Is it even possible for single parents? And more importantly: What is the cost to you if you can’t forgive?

Sometimes as a single mum it is hard to forgive an ex-partner. One of the most common things I hear from the women I first start working with is: I will never ever forgive him for what he has done to our family!

The problem with this mindset is that if we don’t take responsibility for our own reactions, then we are enforcing the victim mentality and not taking control of our own lives. We are allowing ourselves to be impacted by whatever horrible situation has happened, and we are not taking positive steps to take charge of our own life.

It’s very sad because what we are basically saying when we say that is: because of someone else’s actions, we will always feel angry, not recover properly and never live a really happy life.
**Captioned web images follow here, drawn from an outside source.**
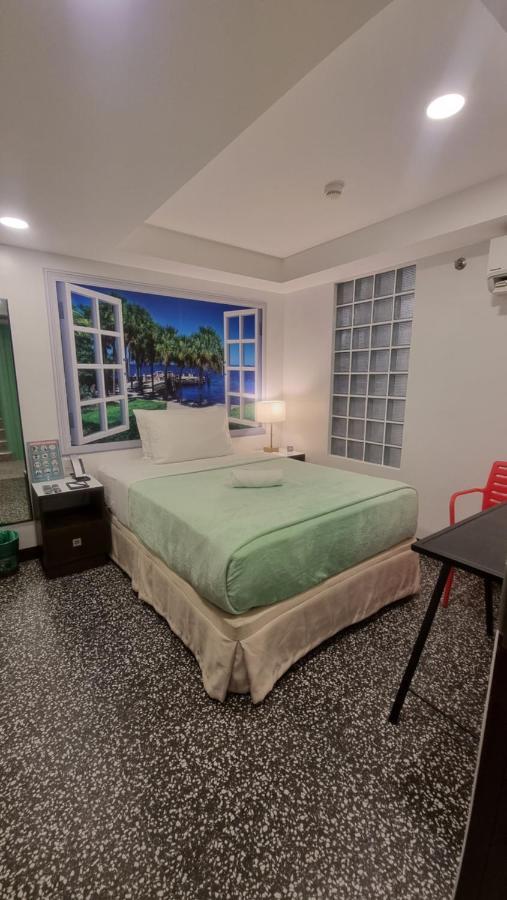 One Cristina Hotel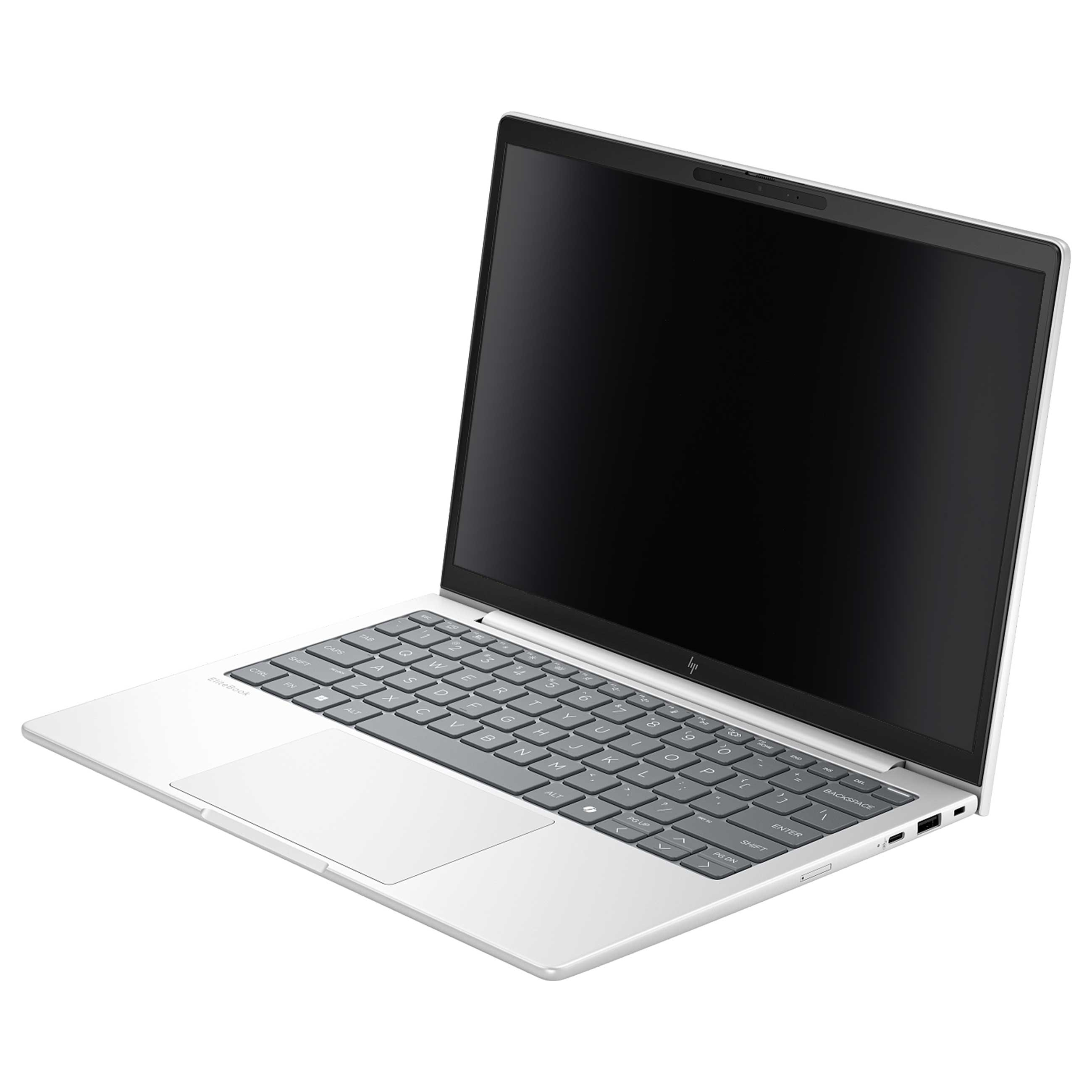 Ein silberner Laptop mit schwarzem Bildschirm wird schräg auf weißem Hintergrund gezeigt.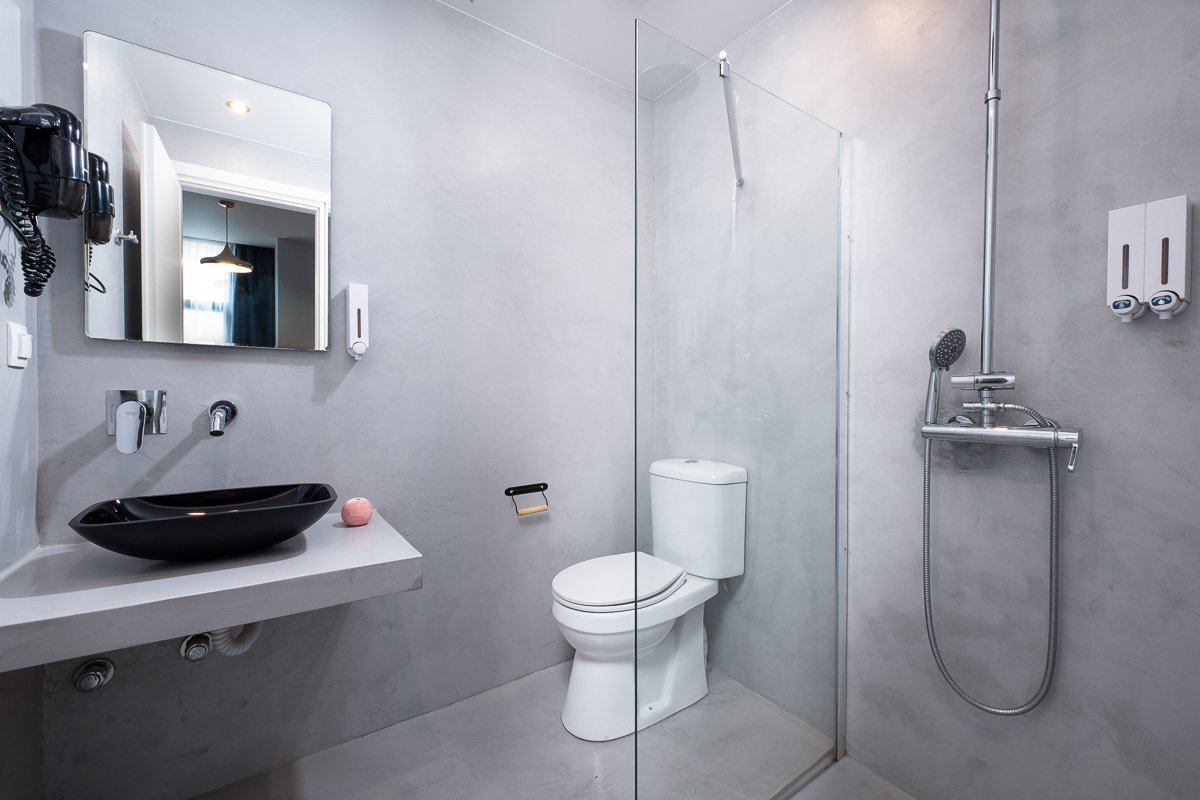 Enattica Monastiraki Living, fully equipped bathroom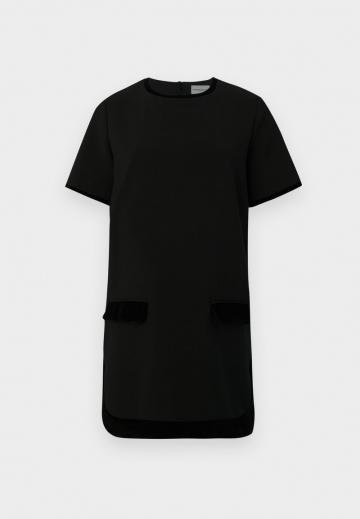 Короткое платье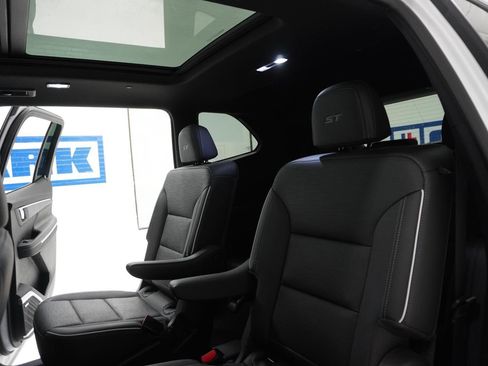 Used 2025 Buick Enclave Sport Touring w/ Power Package image 41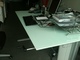 Dos mesas ejecutivas de cristal blanco regulables en altura - Foto 2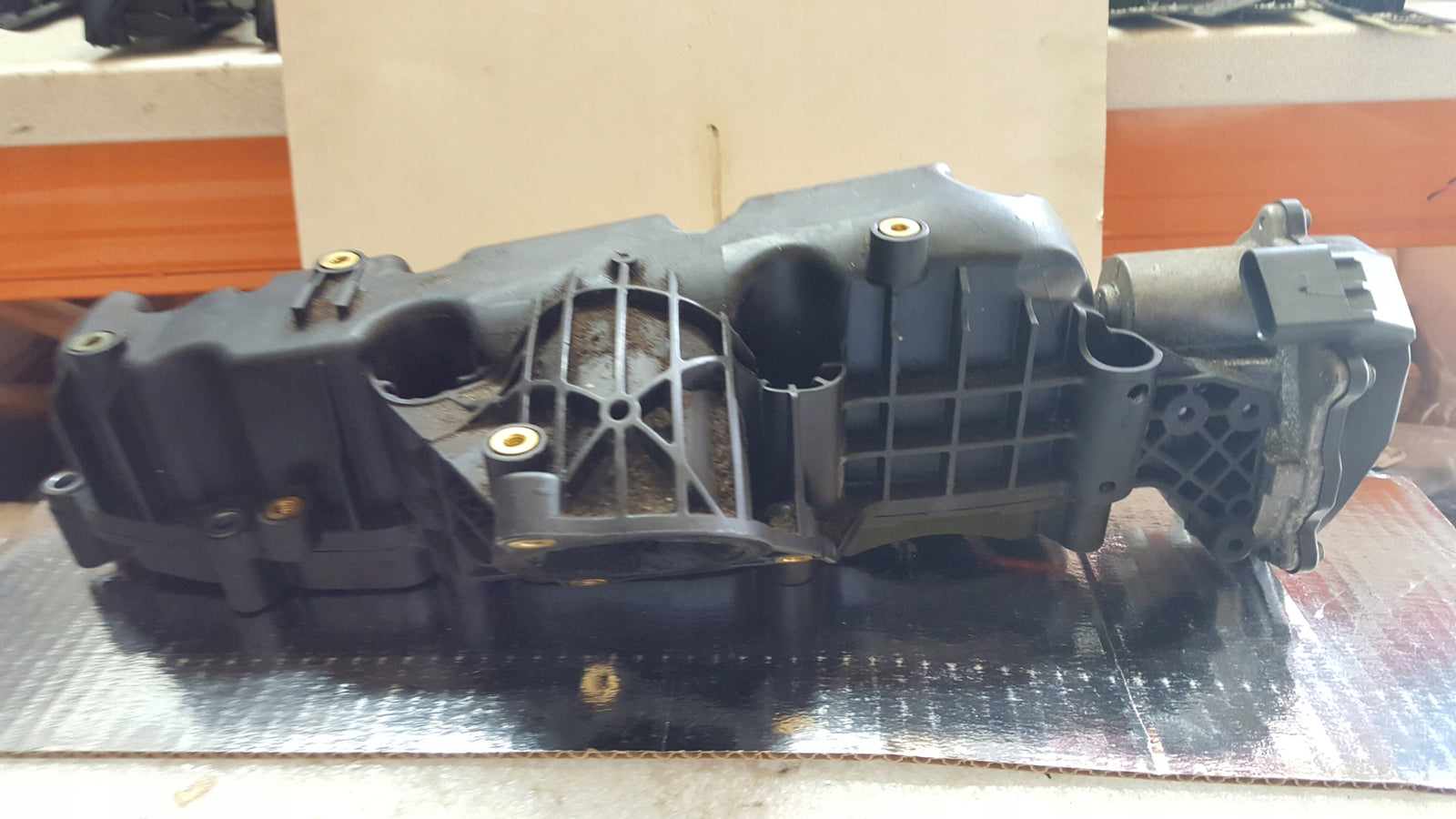 Kolektor ssący VW AUDI SEAT SKODA 2.0 TDI 03L129711AG 03L129086 V 120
We are CHOOSING to be a victim. Not only are we allowing it to affect our mental health, but our physical health and quality of our future relationships can also suffer.

Forgiveness does not mean you are condoning their actions.

Somewhere along the line, the term forgiveness has been confused. Forgiveness is not condoning a wrong action, as a lot of people are ingrained to believe. The definition of forgiveness is to stop feeling angry or resentful towards someone (an offender). The definition of condoning is to treat as if trivial, harmless or of no importance. If we don’t understand the difference, it can be impossible to forgive.

Forgiving someone is not saying What you did was OK by me. What you are really saying is what you did was wrong and hurt me a lot, but I’m not going to let it impact on my life anymore. I’m going to let it go. I’m going to focus on the future, and how I respond to this situation, and what I’m going to do moving forward. I’m going to move on.

And isn’t that what we all want?

Forgiveness is simply letting go, and releasing ourselves, from the anger and resentment. It gives us peace and serenity. It frees us.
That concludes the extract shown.